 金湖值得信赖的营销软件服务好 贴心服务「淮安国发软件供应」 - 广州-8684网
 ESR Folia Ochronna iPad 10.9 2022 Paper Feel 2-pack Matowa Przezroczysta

-.-.-

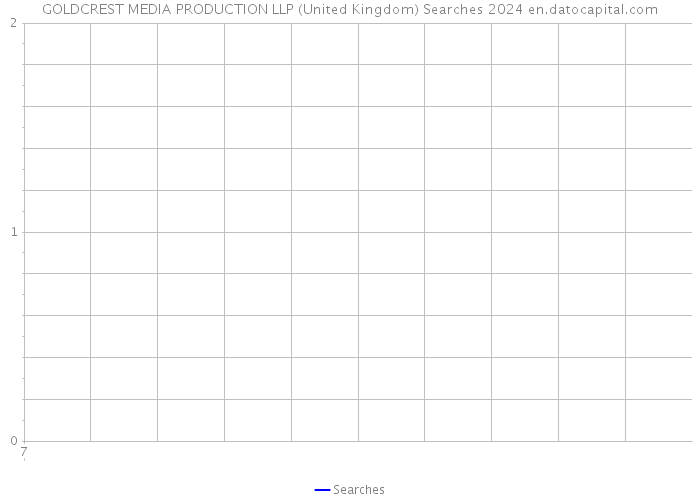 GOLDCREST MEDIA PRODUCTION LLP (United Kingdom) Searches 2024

-.-.-

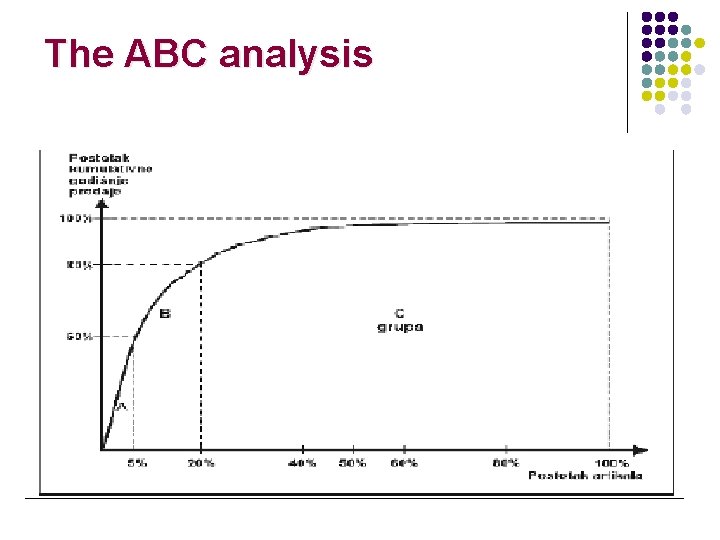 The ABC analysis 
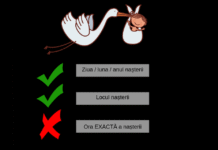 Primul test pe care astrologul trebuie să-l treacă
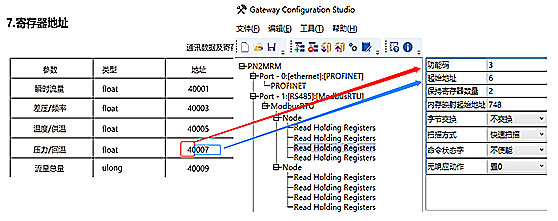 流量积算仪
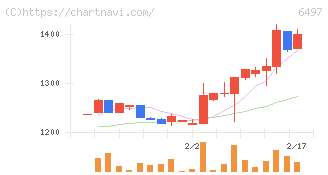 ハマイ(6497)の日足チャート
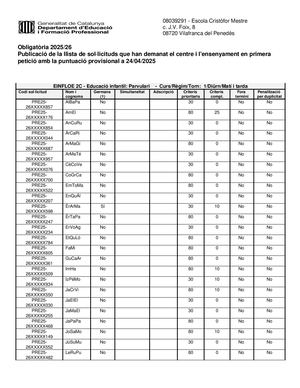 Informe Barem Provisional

-.-.-

Task brief
Using only the listing above, restate exactly the lines from the line containing "金湖值得信赖的营销软件服务好 贴心服务「淮安国发软件供应」 - 广州-8684网" through the line containing "ESR Folia Ochronna", both included.

Task answer
 金湖值得信赖的营销软件服务好 贴心服务「淮安国发软件供应」 - 广州-8684网
 ESR Folia Ochronna iPad 10.9 2022 Paper Feel 2-pack Matowa Przezroczysta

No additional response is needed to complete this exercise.